[DATASET EXCERPTS]
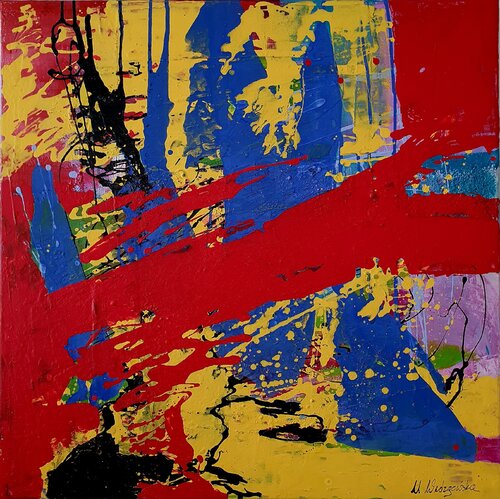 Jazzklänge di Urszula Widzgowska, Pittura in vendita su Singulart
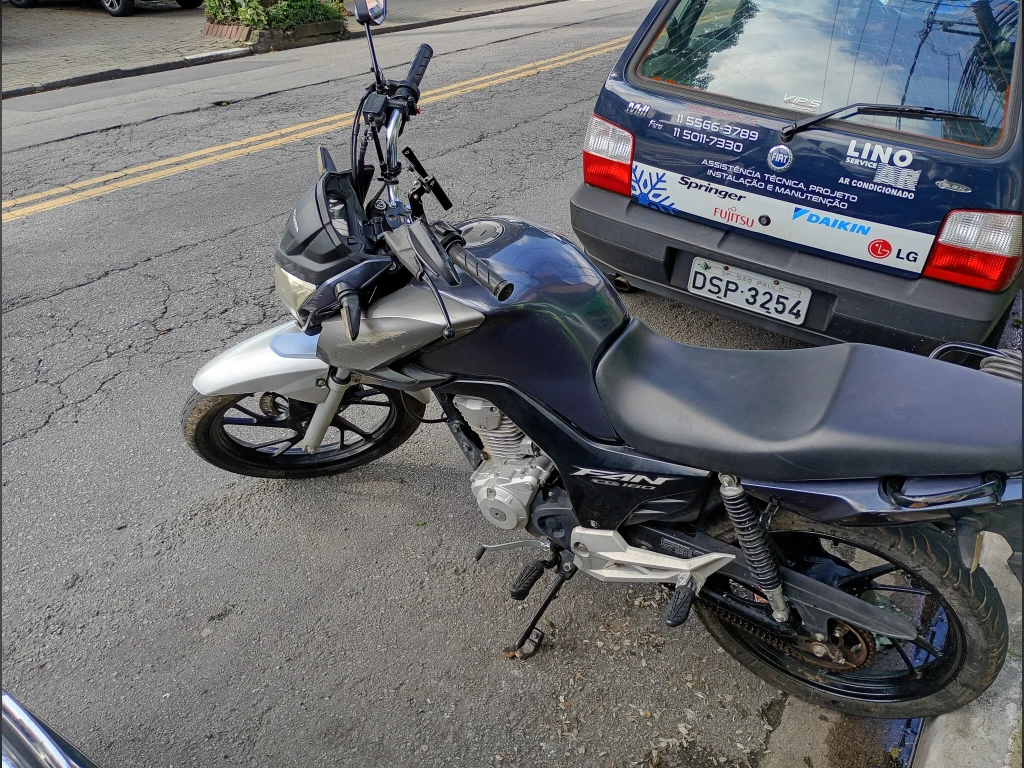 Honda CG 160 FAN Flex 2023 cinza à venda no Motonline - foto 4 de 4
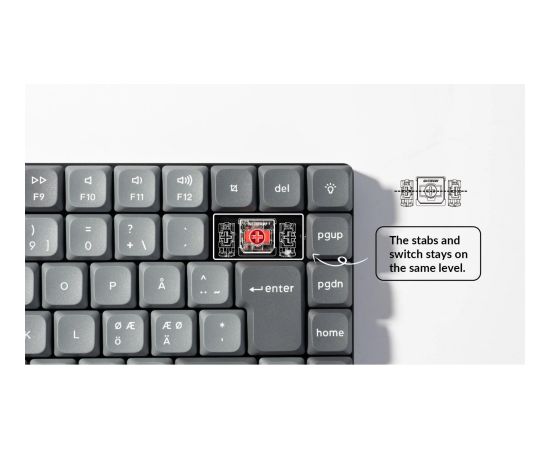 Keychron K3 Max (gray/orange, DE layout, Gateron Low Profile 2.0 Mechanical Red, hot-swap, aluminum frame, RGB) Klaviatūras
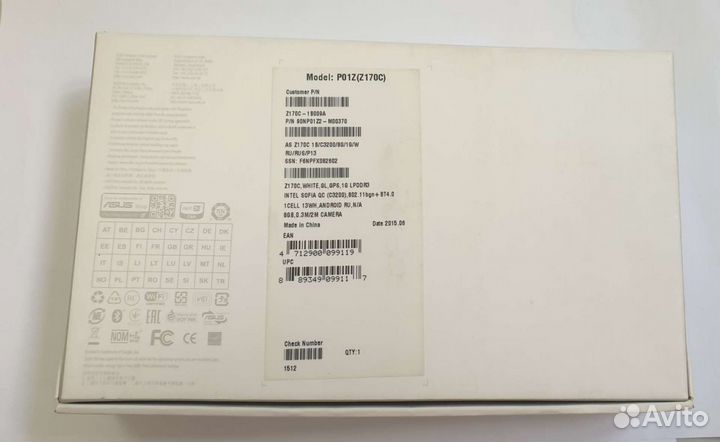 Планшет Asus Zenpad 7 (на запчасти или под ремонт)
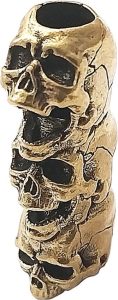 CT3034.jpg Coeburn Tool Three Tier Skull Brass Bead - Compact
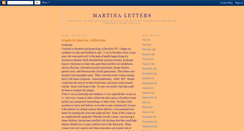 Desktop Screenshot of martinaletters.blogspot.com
[/DATASET EXCERPTS]
[DATASET EXCERPTS]
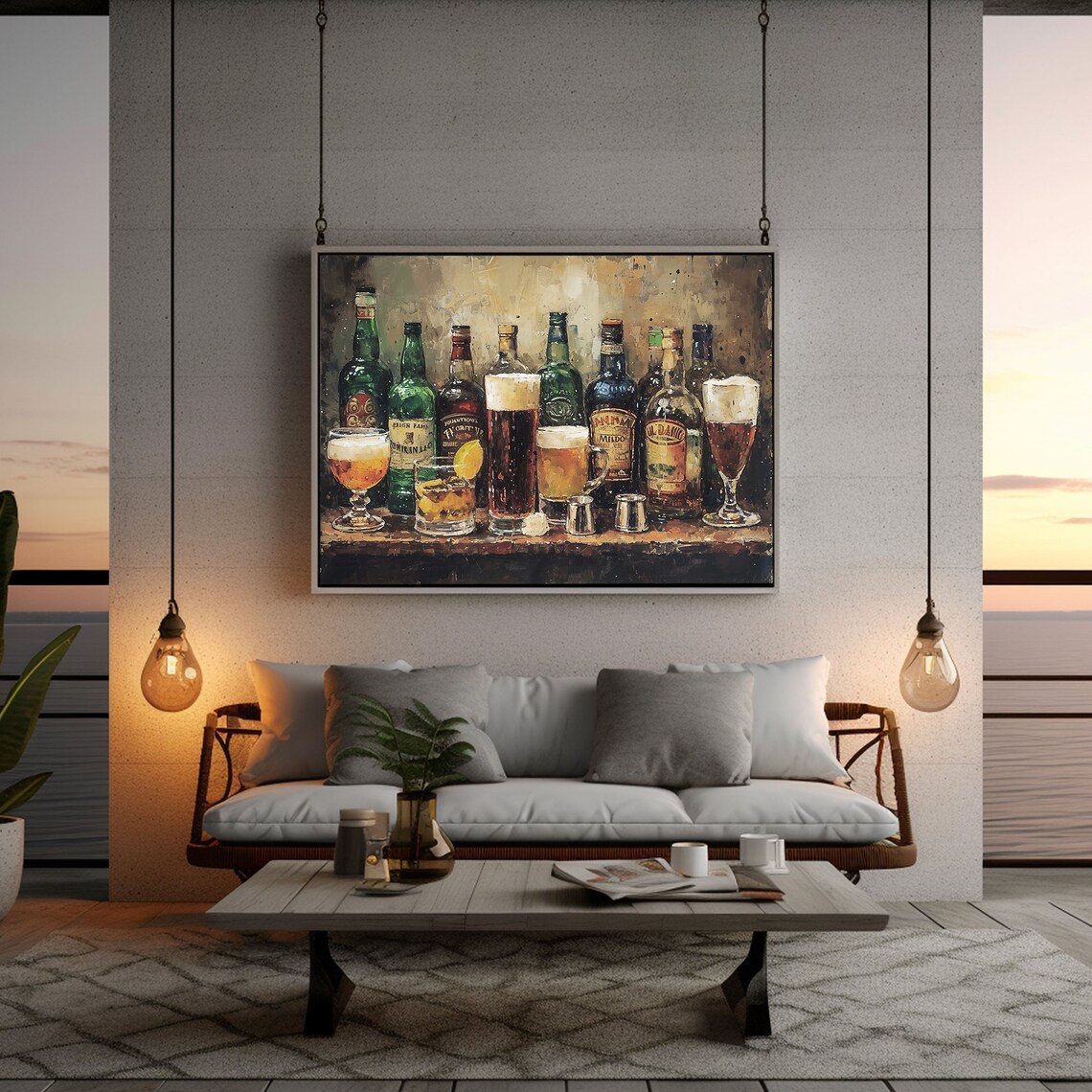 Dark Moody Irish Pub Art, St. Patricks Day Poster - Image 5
[/DATASET EXCERPTS]
[DATASET EXCERPTS]
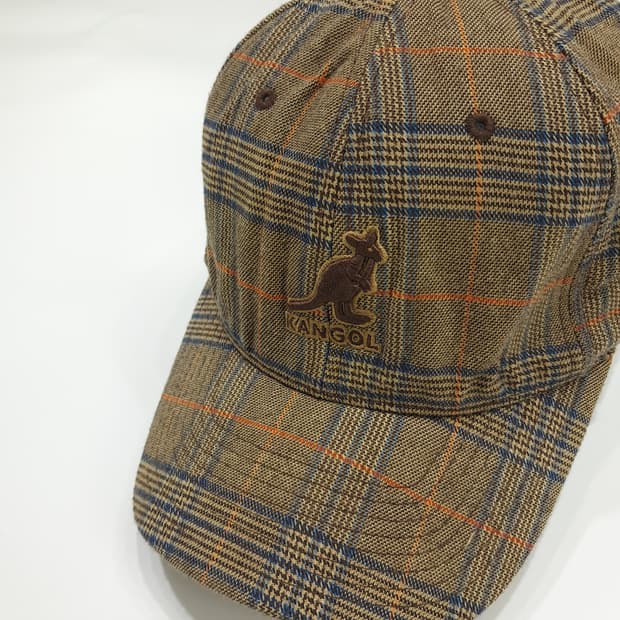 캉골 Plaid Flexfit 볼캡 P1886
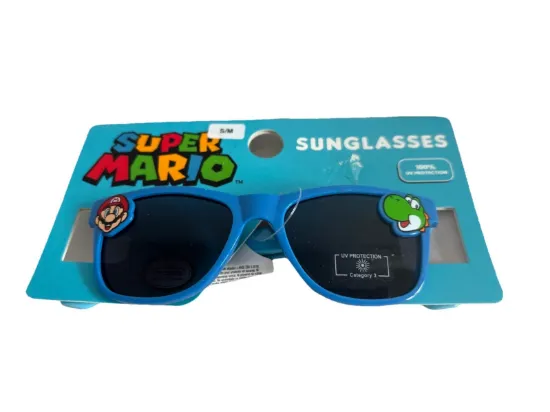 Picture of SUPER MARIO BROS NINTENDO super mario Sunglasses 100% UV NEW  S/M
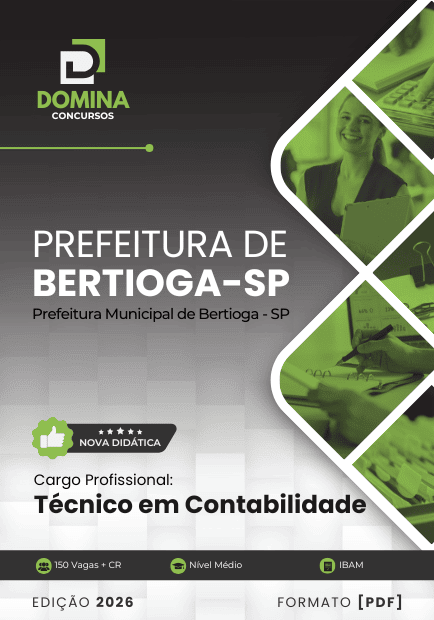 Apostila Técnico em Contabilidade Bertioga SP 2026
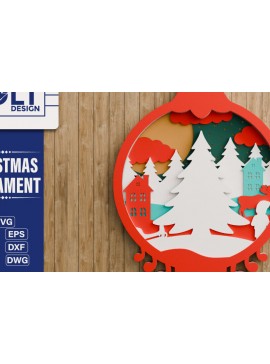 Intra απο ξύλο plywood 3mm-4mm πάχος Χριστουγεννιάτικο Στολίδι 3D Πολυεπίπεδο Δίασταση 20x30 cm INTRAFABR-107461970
[/DATASET EXCERPTS]
* WHAT THE TASK ASKS *
Copy exactly, without pictures, the lines above from the one with "Apostila Técnico em" down to the one with "Intra απο ξύλο", inclusive.

* EXPECTED ANSWER *
 Apostila Técnico em Contabilidade Bertioga SP 2026
 Intra απο ξύλο plywood 3mm-4mm πάχος Χριστουγεννιάτικο Στολίδι 3D Πολυεπίπεδο Δίασταση 20x30 cm INTRAFABR-107461970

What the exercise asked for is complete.